Can you let us know a bit about your everyday work as a psychoanalyst in Cape Town?

It’s just ordinary people coming to my practice, mostly finding their way through a referral or my website. The same people who would ask to see a psychologist. Most people here don’t know what psychoanalysis is and very few can distinguish between a Psychiatrist, Psychologist, or Psychoanalyst.  So far (I am new), I haven’t found it difficult to find patients when I am convinced that the right recommendation is an intensive psychoanalytic process. I don’t recommend psychoanalysis to every person. So, when I have the conviction that this is the proper treatment, I find that the patient often agrees. By this time there is already a resonance between us; we’re speaking a similar language, and we have already started working in this way. But the important thing is that I must believe before they will agree. 

1.5 million black people live in the biggest township of Cape Town; many restaurants remain frequented by white customers being served by black people. The legacy of apartheid remains... How does it affect your work?

It’s ever-present. Practically, the demographics of the people who come to see me remain determined by our historical segregation: I see white and mixed-race patients predominantly, because of where my practice is, i.e. Cape Town. It was different in Johannesburg - that’s a more integrated city. 

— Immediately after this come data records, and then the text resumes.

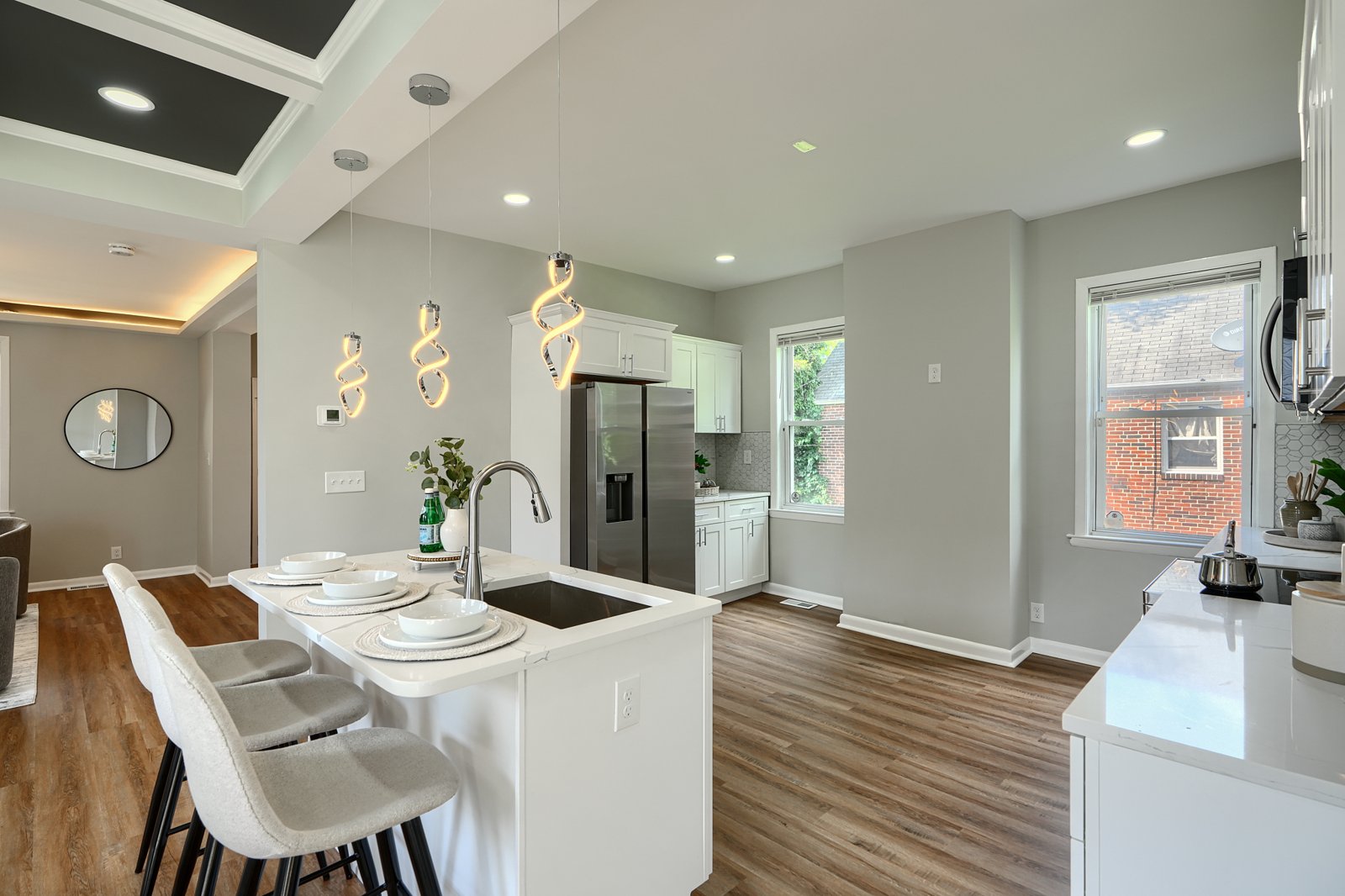 Kitchen bar seating with spiral pendants and stainless steel appliances
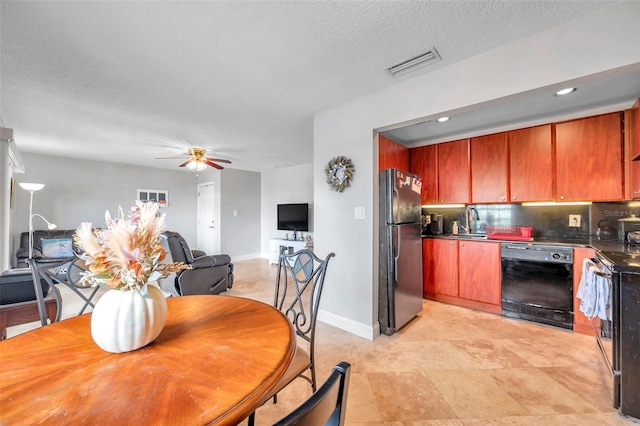 kitchen with a textured ceiling, tasteful backsplash, sink, black appliances, and ceiling fan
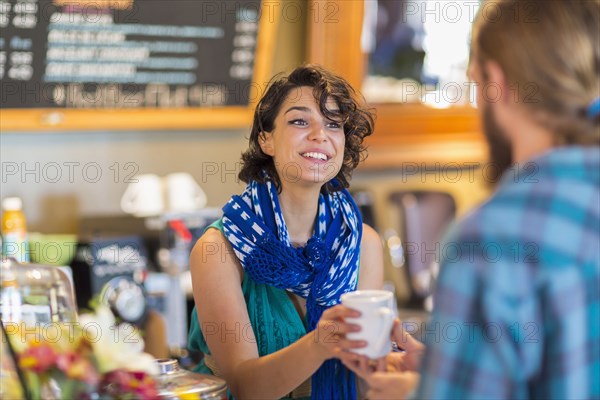 Server giving cup of coffee to customer in cafe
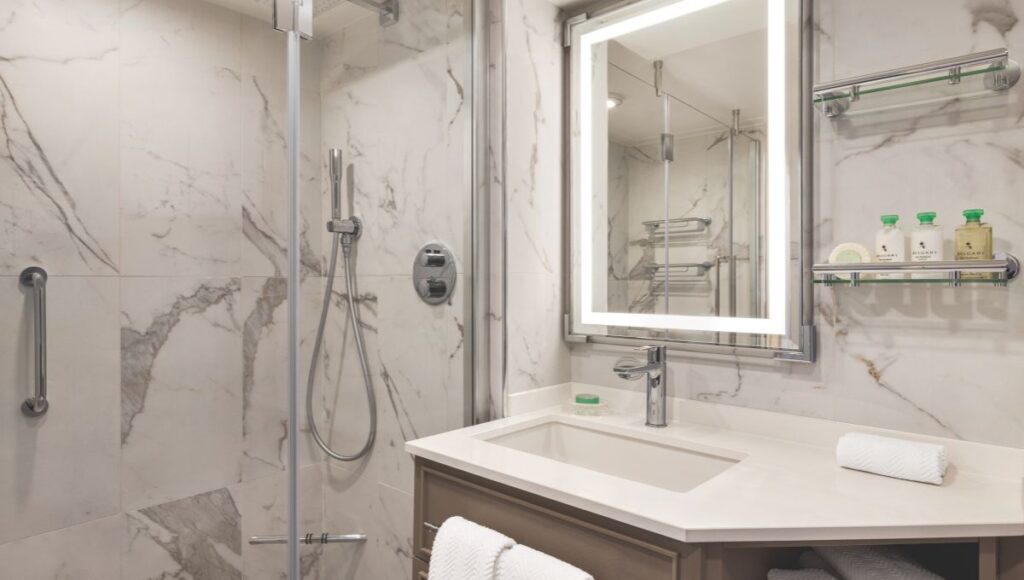 oceania marina refurbished bathroom with marble and rainfall shower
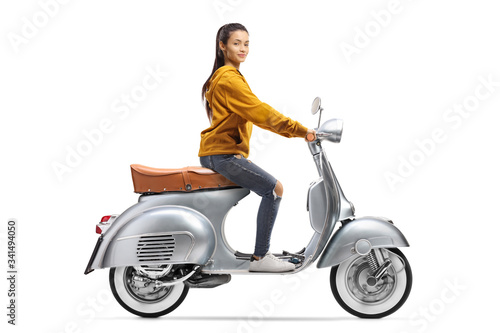 Young casual female riding a silver vintage scooter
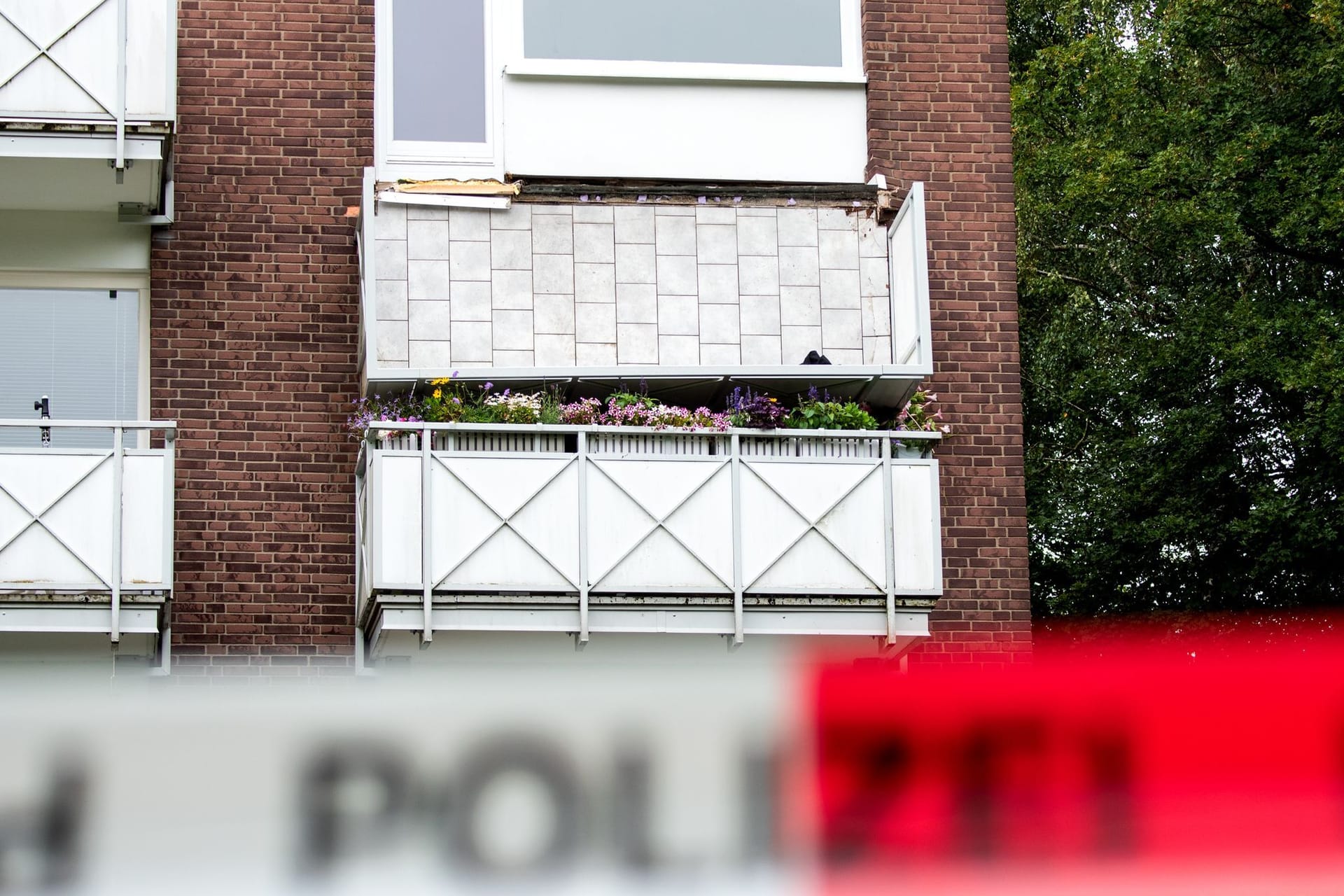 Ein abgestürzter Balkon hängt an einem Mehrfamilienhaus (Archivbild): Gegen vier Männer wird ermittelt.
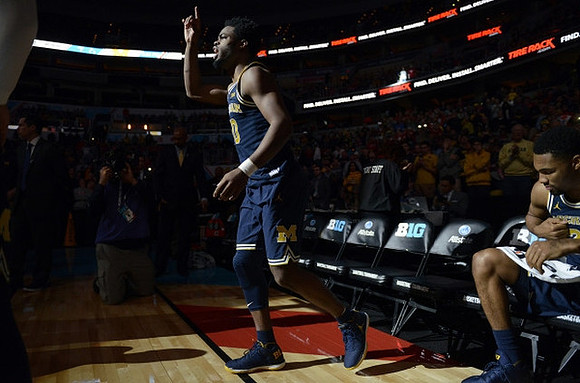 Derrick Walton Jr. (10) and Zak Irvin (21)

I’m a white male, so that offers a degree of privilege that helps me to fill my practice. People of all races and genders want to come and see me. It’s not the same for many black colleagues. White people are often less willing to see black colleagues than black people are to see white ones. It is not always the case but some black people do believe white people are more competent since racism is internalised by all.

Apartheid continues to show its effects in the consulting room, within the relationship between therapist and patient. Patients will assume I hold racist attitudes and either speak as if I am an ally in these or as though they are subjected to them. A black patient might quietly assume that I see them as inferior, suspect that I fear black rage, tiptoe around my white guilt, believe that I wish to make them ‘white’, or that I hate them for the transition, or hate me for the lack of change.
 
The fact of our context is always present. I AM someone who benefitted from an unjust system, and both the patient and I have real feelings about this. These must be somewhere in the room. I don’t see this as transference but appreciate it adds to the resistance and is imbued with fantasy worthy of analysis. 

Race is an inescapable topic in South Africa. Fortunately, we can think together, as psychoanalysts, about these dynamics. This is helpful providing you remain open to hearing the patient’s own narrative.

How do you see the future of psychoanalysis in South Africa / Cape Town?

One of our tasks as an African society is to evolve African psychoanalysis. I don’t believe that psychoanalysis can, or should, survive in South Africa if it remains a predominately European practice. It has value to add but this will go unrecognised if the practice is perceived as an extension of the colonial project. Since psychoanalysis offers a profound opportunity to explore who we are, I look forward to our society producing theory through the analysis of Africans by Africans. Liberating theory that allows us to come into our own. I am sure that this, together with the influence of our unique history, will enable us to generate ideas that enrich the broader psychoanalytic sphere. 

We may be a small society, but we are growing, and we are succeeding in becoming more racially and culturally diverse. The future looks bright. 


Vincenzo Sinisi is a psychoanalyst, group analyst and clinical psychologist in private practise in Cape Town, South Africa. He is a direct member of the IPA since 2015 and was qualified as a group analyst by the Institute of Group Analysis London in 2014. He is also the founder of TherapyRoute.com.